Weather agency unveils new plan, to offer 80 jobs

Mr Moses Tumusiime, a senior meteorologist at the Directorate of Water Resource Management (Left), explains how readings are taken off an Anemometer to the UNDP Resident Representative, Ms Rosa Malango, (Right) and Mr Wilson Kwamya, the Team Leader, Growth and Poverty Reduction, at UNDP in Uganda. FILE PHOTO  

KAMPALA- The Uganda National Meteorological Authority (UNMA) has unveiled a blueprint that includes lining up more than 80 job offers in a move aimed at revamping weather forecasting in the country.
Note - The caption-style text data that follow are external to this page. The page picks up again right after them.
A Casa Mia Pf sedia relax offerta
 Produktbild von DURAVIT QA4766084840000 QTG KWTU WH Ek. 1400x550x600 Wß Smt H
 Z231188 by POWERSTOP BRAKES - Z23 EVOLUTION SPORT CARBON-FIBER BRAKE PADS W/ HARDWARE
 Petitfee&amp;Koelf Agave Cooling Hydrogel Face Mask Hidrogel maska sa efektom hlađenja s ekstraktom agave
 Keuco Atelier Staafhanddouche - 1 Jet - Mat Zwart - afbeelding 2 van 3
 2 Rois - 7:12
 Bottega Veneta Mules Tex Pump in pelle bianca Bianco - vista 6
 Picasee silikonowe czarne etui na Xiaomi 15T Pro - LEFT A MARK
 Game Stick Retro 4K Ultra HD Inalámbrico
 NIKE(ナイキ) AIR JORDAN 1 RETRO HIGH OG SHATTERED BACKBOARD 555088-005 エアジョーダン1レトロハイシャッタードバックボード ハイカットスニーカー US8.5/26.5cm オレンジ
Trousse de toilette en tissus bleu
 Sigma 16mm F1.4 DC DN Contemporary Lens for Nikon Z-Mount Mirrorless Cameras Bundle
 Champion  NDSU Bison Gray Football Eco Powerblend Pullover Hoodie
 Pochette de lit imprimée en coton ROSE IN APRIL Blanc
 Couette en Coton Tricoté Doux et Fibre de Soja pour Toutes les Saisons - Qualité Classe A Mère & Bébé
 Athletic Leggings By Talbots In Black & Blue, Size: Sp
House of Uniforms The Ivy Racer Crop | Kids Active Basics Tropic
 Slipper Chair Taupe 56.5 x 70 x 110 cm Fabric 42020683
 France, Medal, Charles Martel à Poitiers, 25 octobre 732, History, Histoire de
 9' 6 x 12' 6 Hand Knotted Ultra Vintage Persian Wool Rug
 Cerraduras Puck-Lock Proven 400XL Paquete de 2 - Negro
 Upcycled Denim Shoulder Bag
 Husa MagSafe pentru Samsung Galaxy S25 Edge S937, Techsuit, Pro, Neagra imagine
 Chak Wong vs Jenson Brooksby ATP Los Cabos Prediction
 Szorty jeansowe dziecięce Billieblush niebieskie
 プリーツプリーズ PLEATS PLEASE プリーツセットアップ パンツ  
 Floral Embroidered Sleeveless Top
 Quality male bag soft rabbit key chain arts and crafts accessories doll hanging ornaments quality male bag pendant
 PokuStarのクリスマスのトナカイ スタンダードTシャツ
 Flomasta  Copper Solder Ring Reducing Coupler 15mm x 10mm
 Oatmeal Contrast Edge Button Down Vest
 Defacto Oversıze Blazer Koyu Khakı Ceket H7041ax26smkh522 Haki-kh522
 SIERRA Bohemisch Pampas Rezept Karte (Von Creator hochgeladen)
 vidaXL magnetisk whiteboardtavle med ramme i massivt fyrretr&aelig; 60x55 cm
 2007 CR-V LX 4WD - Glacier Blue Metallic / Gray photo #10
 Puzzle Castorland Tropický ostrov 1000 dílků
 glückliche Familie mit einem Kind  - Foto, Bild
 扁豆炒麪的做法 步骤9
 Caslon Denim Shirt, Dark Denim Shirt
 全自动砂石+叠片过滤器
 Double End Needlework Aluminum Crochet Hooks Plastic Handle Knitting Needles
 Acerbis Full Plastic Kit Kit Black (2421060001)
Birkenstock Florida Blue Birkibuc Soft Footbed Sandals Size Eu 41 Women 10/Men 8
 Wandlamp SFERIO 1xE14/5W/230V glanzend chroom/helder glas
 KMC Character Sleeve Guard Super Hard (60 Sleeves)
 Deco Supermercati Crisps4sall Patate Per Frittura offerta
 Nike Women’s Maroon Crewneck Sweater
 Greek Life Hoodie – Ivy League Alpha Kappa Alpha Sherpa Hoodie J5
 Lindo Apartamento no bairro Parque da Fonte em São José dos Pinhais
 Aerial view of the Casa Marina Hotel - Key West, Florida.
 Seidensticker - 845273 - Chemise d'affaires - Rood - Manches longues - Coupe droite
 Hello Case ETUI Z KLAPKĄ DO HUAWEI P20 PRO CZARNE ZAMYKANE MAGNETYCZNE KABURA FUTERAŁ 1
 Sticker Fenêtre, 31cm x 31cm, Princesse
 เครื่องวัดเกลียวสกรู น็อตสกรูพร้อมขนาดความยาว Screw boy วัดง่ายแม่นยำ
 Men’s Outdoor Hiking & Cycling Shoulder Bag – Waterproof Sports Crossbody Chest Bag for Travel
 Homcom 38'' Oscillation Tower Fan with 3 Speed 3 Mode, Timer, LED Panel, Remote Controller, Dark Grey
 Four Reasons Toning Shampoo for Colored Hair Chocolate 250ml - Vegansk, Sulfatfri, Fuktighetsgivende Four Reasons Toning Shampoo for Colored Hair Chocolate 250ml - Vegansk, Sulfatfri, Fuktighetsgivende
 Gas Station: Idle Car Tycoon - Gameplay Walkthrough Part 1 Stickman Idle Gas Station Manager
According to the plan seen by this paper, the weather authority will need at least Shs1.36b to establish and maintain 325 rainfall stations, transmit resulting data and also pay salaries of observers.

[“There is] staffing gap in the approved staffing structure where only 74 instead of 156 field technical staff for the 45 major stations are provided for,” reads the plan in part.

Until 2014 when the then meteorological department turned into an authority, only three of the 12 weather stations were seen on the Telecommunication System (GTS) and only 40 per cent of 1,040 rain gauges across the country were functional. Telecommunication System are networks through which weather data is transmitted.

Also, only 10 per cent of the country had Automatic Weather Stations. This led to weather agency’s forecast to be disputed by the public.

Automatic Weather Stations (AWS)are computerised stations that read measurements as opposed to traditional ones where they were recorded and read by human beings.

The UNMA director-station networks and observations, Mr Paul Isabirye, said the situation is gradually improving and more support is needed.

“The coverage of AWS has improved from 10 per cent to 29 per cent against the National Development Plan (NDPII) target of 40 per cent by 2019/2020,” he said.

Since the collapse of the first East African Community, there was a progressive degeneration of the weather observation infrastructure under the defunct Department of Meteorology in the Ministry of Water and Environment.

But with the ongoing revamp, Mr Isabirye said a number of districts have provided land for UNMA meteorological installations, an indication that local governments are increasingly embracing the need for weather information.

In a recent tour of UNMA stations and a school in Entebbe, Wakiso District by Parliament’s committee on Natural Resources, UNMA executive director, Festus Luboyera, asked Ugandans to trust the weather information and use it for planning purposes.

“Right now, you cannot plan without weather information. We give you this information such that you plan for this country,” he said.

His comments followed remarks made by Kabale Municipality MP Andrew Baryayanga that Ugandans are still skeptical of Unma’s forecast accuracy.